A year and a half ago, NASA's Curiosity Rover landed on Mars, but it wasn't until recently that it actually took a photo with Earth in sight. (Via NASA)
NASA tweeted the photo Thursday, pointing out the tiny dot it identifies as Earth. Yeah, not exactly breathtaking. (Via Twitter / @MarsCuriosity)
The reason our big blue ball looks smaller than a speck of dust in the picture is because Mars is about 99 million miles away.
But NASA says, "A human observer with normal vision, if standing on Mars, could easily see Earth and the moon as two distinct, bright evening stars."
Curiosity left Earth about eight months before it landed on Mars' surface for a planned mission of 23 months — or one Martian year. (Via NASA)
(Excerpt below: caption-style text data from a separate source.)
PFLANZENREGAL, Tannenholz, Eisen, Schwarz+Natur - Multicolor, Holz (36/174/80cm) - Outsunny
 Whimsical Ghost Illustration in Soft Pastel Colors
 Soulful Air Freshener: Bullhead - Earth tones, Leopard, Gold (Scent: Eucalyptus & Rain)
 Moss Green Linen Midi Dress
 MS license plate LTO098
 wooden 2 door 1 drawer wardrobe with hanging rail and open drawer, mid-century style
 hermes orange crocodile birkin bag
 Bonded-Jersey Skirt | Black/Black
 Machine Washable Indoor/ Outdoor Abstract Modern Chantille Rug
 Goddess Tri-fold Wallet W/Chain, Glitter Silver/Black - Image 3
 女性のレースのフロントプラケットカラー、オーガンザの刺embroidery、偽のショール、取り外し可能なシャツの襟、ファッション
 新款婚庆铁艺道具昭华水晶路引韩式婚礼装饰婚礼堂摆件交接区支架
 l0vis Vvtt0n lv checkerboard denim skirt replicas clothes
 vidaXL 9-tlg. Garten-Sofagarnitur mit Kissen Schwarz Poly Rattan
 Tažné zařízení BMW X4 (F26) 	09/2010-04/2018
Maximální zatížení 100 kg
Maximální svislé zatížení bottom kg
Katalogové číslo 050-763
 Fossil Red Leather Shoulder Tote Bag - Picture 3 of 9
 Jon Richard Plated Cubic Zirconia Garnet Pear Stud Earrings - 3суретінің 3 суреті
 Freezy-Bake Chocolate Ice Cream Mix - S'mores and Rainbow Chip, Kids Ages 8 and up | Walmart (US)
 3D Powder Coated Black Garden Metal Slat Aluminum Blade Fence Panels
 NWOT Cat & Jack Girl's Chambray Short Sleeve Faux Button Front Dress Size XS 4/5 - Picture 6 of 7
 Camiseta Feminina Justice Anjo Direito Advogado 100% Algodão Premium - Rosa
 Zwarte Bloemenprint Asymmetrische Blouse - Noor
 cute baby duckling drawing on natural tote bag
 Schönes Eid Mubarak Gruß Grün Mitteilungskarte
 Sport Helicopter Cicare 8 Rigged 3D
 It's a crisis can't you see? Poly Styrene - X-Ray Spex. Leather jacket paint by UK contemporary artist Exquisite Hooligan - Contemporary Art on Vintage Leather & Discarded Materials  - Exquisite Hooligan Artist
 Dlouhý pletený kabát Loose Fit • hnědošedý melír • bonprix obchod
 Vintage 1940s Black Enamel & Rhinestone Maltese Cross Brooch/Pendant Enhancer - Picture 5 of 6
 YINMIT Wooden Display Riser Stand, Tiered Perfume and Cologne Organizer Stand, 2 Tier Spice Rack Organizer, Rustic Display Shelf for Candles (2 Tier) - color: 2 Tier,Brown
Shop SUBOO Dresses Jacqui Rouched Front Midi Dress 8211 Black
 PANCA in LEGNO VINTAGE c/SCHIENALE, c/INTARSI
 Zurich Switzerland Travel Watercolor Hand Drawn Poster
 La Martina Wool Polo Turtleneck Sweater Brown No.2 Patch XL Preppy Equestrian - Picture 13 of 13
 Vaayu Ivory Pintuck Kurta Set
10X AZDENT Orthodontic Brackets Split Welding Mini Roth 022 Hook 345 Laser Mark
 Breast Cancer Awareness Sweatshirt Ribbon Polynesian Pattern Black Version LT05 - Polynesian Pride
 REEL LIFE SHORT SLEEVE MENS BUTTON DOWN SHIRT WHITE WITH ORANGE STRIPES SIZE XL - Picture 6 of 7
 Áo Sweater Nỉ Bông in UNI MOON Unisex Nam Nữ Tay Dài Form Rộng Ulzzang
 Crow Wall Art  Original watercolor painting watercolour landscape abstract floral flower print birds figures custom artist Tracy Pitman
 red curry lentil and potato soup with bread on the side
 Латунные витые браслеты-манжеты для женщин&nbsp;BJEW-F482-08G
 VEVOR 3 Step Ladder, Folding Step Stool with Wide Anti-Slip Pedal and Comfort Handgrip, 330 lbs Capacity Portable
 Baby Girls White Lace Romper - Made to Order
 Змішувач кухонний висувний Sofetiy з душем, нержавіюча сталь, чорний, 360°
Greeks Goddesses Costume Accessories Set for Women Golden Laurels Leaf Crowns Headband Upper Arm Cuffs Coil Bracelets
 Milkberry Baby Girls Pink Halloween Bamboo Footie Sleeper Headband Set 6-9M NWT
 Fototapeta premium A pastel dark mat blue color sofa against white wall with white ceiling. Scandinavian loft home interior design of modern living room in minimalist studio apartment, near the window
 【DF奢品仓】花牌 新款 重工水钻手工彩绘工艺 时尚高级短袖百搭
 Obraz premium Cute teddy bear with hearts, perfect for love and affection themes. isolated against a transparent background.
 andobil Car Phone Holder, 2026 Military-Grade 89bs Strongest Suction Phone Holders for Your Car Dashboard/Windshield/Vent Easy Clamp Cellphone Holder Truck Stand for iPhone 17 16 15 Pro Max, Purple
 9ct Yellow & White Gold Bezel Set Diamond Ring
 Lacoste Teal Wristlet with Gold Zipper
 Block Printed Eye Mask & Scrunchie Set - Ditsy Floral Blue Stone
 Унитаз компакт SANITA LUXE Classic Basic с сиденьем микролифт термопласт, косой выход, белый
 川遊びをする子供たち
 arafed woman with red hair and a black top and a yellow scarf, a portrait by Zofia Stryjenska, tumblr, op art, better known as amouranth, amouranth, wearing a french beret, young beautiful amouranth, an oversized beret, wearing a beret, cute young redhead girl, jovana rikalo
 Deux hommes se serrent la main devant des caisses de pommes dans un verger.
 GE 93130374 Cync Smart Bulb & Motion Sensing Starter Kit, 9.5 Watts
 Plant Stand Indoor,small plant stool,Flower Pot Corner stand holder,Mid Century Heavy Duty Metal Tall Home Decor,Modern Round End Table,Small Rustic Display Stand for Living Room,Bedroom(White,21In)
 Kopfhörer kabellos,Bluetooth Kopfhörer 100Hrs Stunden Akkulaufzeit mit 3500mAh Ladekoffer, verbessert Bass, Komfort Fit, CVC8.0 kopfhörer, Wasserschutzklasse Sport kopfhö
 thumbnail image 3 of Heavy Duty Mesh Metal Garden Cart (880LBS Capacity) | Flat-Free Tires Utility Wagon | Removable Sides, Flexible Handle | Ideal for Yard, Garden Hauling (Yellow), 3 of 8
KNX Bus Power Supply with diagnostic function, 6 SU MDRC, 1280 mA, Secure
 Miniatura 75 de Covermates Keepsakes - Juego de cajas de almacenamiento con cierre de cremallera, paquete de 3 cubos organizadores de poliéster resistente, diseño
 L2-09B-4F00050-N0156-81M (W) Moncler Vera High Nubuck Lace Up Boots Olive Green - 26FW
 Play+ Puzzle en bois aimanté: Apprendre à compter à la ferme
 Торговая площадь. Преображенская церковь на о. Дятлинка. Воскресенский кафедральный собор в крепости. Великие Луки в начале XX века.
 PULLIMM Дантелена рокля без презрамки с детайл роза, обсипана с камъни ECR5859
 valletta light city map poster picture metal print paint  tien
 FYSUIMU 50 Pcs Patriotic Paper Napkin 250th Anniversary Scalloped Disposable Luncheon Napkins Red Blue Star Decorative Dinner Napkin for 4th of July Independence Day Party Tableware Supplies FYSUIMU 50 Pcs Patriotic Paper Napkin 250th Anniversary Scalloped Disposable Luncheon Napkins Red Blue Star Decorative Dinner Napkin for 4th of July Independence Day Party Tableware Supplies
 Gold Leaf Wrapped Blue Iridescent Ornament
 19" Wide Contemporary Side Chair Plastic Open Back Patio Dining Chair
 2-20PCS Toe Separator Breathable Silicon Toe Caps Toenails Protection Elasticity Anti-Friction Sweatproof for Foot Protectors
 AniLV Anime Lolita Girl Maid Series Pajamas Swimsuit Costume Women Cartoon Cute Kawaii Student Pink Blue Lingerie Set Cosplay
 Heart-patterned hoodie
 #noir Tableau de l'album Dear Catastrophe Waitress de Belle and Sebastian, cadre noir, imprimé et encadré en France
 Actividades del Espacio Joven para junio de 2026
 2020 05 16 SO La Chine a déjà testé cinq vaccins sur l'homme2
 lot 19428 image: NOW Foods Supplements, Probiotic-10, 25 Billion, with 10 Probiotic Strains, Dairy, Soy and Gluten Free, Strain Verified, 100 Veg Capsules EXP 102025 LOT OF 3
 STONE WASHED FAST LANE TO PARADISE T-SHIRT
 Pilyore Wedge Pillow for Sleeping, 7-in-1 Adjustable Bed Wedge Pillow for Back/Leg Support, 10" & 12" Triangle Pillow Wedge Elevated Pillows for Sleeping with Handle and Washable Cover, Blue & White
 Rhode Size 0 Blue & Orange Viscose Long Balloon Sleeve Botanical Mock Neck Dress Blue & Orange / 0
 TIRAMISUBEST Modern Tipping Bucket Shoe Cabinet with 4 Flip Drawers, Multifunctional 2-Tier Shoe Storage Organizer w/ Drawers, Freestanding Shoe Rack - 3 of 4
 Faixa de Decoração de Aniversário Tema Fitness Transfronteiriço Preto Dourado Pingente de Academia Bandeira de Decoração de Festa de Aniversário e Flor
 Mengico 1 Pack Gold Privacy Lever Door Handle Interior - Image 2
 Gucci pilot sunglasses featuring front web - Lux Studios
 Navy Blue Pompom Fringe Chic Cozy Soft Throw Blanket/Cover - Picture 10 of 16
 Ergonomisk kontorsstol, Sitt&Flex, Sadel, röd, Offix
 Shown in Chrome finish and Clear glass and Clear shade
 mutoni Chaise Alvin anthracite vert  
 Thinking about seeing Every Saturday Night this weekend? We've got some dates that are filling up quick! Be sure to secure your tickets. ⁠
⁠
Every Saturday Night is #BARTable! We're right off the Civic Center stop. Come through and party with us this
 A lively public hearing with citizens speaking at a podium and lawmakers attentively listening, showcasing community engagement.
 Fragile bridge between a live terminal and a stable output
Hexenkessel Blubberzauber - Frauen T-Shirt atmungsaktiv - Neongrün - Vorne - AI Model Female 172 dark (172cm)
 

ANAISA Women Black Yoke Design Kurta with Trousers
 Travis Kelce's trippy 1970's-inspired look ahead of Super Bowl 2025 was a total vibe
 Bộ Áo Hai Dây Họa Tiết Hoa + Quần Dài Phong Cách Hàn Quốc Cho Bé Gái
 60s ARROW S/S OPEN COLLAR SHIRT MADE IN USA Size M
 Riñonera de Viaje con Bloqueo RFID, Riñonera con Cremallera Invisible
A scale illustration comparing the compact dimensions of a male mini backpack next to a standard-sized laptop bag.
Equipped with 17 cameras, the most on any of NASA's planetary missions, Curiosity's goal is to collect rock and soil samples and take photos to determine the red planet's habitability.
National Geographic reports some of the rover's biggest accomplishments so far have been determining that there was once flowing water on Mars, measuring the radiation levels on the planet and exploring Yellowknife Bay.
And NASA hopes Curiosity's discoveries will persuade the White House to boost funding after the program saw major budget cuts last year, according to Space.com.
The rover has about 536 sols — or Martian days — left before it heads back to Earth. One sol is about 40 minutes longer than a day on Earth. (Via NASA)
As for Mars' habitability, Curiosity revealed last July at one time the planet had the right atmospheric conditions for the possibility of life.